Muak dengan pandangan Wren yang semakin tajam, Dirga tidak meladeni Wren lebih jauh dan memilih berpaling pada Miya sambil menampilkan senyum manis. "Kamu mau pesan apa, Miy?"
Perempuan itu dari tadi membeku di tempat, tidak tahu harus melakukan apa. Kelakuan dua pria di depannya membuatnya malu. Miya membuka-buka halaman buku menu dan berkata, "Bentar, aku pilih-pilih dulu."
"Oke," sahut Dirga.
Selama perempuan itu memilih makanan untuk sarapan, Wren duduk di samping Miya lalu menunjuk satu menu. "Nasi goreng seafood enak, Miy," saran pria itu.
Miya mengangguk. "Oke. Aku pesan itu."
"Es teh manis hangat spesial juga enak, Miy," sahut Dirga, tidak mau kalah.
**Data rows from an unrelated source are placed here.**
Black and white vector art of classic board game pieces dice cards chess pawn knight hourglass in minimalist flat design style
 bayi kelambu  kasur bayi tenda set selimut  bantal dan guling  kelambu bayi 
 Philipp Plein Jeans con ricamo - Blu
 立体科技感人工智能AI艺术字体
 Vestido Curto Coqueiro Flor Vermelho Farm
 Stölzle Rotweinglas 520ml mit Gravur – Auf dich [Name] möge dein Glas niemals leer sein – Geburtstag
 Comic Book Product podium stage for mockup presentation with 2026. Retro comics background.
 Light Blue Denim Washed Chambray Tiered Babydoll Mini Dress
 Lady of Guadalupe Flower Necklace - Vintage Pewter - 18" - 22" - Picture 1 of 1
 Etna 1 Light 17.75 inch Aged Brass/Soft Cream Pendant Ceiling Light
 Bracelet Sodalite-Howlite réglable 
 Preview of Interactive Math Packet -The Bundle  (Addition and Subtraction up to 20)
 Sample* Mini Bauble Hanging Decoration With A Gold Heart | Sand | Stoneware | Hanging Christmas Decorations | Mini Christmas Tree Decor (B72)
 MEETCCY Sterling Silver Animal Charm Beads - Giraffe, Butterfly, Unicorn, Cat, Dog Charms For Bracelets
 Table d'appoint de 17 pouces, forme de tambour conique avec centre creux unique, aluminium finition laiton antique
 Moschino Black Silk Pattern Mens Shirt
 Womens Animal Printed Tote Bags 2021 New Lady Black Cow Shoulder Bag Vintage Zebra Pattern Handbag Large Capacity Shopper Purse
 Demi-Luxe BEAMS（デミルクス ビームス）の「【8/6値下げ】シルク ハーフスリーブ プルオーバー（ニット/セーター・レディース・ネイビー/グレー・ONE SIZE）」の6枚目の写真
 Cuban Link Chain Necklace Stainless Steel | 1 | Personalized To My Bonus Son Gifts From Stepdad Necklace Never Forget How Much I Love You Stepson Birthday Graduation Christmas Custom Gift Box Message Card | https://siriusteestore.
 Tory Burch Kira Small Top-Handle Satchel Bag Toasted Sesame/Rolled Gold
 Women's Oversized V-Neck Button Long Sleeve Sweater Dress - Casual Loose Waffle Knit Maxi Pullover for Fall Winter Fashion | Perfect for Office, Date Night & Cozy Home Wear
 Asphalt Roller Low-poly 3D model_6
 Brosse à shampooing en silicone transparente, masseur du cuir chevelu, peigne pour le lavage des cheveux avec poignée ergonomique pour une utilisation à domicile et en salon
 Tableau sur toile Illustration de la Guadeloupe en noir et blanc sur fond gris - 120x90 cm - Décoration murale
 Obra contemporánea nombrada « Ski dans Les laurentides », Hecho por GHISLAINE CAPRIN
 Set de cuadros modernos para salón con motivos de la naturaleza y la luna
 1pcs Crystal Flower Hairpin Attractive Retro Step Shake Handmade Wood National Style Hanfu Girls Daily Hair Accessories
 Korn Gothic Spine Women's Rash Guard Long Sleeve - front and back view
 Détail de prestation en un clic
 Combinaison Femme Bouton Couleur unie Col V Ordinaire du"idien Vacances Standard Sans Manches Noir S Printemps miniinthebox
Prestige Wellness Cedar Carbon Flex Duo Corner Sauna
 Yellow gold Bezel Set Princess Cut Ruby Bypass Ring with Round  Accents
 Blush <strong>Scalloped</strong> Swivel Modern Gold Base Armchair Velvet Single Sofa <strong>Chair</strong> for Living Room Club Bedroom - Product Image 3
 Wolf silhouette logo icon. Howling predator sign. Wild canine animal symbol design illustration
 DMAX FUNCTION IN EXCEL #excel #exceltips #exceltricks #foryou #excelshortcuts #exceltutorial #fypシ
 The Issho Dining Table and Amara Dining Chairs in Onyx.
Miya melirik Dirga yang juga sedang membaca buku menu. Perempuan itu mengangguk kaku. "Aku juga pesan itu."
Dia sengaja melakukannya agar kedua pria dewasa di hadapannya ini tidak saling serang. Kalau sampai hal itu terjadi, Miya bingung apakah harus menenangkan bosnya atau pria yang sedang pedekate padanya. Dan well, Miya butuh bantuan segera. Siapa saja yang bisa menengahi dua pria ini. Mbak Irma, cepet balik, harap perempuan itu dalam hati.
"Buat makanan penutupnya, kalau pesan ini aja, gimana-"
"Wow, panas banget di sini." Tiba-tiba, Qis muncul dan duduk di samping Dirga, memotong perkataan Wren. Qis menatap sepupunya dengan sorot geli lalu melirik Miya dengan pandangan prihatin. Miya balas memandang Qis dengan sorot penuh syukur.
"Kamu udah nentuin mau pesen apa ya, Miya. Kalau kalian berdua mau pesan apa?" Qis balik bertanya pada Wren dan Dirga. Dua pria itu langsung berkata,
"Sama kayak Miya," jawab Dirga.
"Samain kayak Miya," jawab Wren.
Qis geleng-geleng kepala melihat tingkah Wren dan Dirga. "Ya udah, saya juga pesen sarapan kayak Miya."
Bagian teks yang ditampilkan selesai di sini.